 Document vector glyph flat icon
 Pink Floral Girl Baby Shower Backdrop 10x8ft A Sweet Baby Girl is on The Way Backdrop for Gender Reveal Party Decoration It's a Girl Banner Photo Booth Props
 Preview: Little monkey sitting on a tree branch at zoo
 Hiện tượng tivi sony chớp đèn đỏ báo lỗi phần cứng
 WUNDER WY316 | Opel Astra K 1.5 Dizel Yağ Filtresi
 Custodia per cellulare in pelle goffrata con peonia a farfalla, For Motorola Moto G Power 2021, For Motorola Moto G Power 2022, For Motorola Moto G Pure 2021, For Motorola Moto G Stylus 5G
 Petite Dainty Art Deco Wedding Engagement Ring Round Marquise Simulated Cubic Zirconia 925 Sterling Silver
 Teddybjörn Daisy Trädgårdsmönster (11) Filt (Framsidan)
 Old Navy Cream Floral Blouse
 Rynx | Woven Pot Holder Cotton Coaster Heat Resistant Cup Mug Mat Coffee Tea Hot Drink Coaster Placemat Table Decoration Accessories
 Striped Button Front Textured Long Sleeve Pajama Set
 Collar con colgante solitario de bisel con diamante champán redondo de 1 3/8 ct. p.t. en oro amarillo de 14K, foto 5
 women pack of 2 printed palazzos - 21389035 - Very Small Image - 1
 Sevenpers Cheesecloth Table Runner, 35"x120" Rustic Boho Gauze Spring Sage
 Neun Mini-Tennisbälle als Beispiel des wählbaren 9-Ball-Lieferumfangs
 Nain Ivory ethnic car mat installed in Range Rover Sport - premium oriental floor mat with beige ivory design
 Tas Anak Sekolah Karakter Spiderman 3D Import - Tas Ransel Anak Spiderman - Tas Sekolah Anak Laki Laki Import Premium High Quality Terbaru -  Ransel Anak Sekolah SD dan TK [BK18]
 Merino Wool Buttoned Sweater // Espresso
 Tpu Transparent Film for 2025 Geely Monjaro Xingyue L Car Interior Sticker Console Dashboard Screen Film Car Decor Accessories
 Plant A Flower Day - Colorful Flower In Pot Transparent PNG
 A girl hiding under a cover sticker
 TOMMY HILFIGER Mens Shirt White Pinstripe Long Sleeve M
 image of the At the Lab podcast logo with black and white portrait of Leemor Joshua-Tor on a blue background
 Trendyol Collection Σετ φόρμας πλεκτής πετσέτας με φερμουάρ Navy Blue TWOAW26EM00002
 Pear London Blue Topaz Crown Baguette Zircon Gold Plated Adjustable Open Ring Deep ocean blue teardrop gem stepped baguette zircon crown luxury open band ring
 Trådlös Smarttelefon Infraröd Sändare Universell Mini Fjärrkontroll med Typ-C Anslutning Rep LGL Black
·····
Word for word, output the records that appear above.

 Document vector glyph flat icon
 Pink Floral Girl Baby Shower Backdrop 10x8ft A Sweet Baby Girl is on The Way Backdrop for Gender Reveal Party Decoration It's a Girl Banner Photo Booth Props
 Preview: Little monkey sitting on a tree branch at zoo
 Hiện tượng tivi sony chớp đèn đỏ báo lỗi phần cứng
 WUNDER WY316 | Opel Astra K 1.5 Dizel Yağ Filtresi
 Custodia per cellulare in pelle goffrata con peonia a farfalla, For Motorola Moto G Power 2021, For Motorola Moto G Power 2022, For Motorola Moto G Pure 2021, For Motorola Moto G Stylus 5G
 Petite Dainty Art Deco Wedding Engagement Ring Round Marquise Simulated Cubic Zirconia 925 Sterling Silver
 Teddybjörn Daisy Trädgårdsmönster (11) Filt (Framsidan)
 Old Navy Cream Floral Blouse
 Rynx | Woven Pot Holder Cotton Coaster Heat Resistant Cup Mug Mat Coffee Tea Hot Drink Coaster Placemat Table Decoration Accessories
 Striped Button Front Textured Long Sleeve Pajama Set
 Collar con colgante solitario de bisel con diamante champán redondo de 1 3/8 ct. p.t. en oro amarillo de 14K, foto 5
 women pack of 2 printed palazzos - 21389035 - Very Small Image - 1
 Sevenpers Cheesecloth Table Runner, 35"x120" Rustic Boho Gauze Spring Sage
 Neun Mini-Tennisbälle als Beispiel des wählbaren 9-Ball-Lieferumfangs
 Nain Ivory ethnic car mat installed in Range Rover Sport - premium oriental floor mat with beige ivory design
 Tas Anak Sekolah Karakter Spiderman 3D Import - Tas Ransel Anak Spiderman - Tas Sekolah Anak Laki Laki Import Premium High Quality Terbaru -  Ransel Anak Sekolah SD dan TK [BK18]
 Merino Wool Buttoned Sweater // Espresso
 Tpu Transparent Film for 2025 Geely Monjaro Xingyue L Car Interior Sticker Console Dashboard Screen Film Car Decor Accessories
 Plant A Flower Day - Colorful Flower In Pot Transparent PNG
 A girl hiding under a cover sticker
 TOMMY HILFIGER Mens Shirt White Pinstripe Long Sleeve M
 image of the At the Lab podcast logo with black and white portrait of Leemor Joshua-Tor on a blue background
 Trendyol Collection Σετ φόρμας πλεκτής πετσέτας με φερμουάρ Navy Blue TWOAW26EM00002
 Pear London Blue Topaz Crown Baguette Zircon Gold Plated Adjustable Open Ring Deep ocean blue teardrop gem stepped baguette zircon crown luxury open band ring
 Trådlös Smarttelefon Infraröd Sändare Universell Mini Fjärrkontroll med Typ-C Anslutning Rep LGL Black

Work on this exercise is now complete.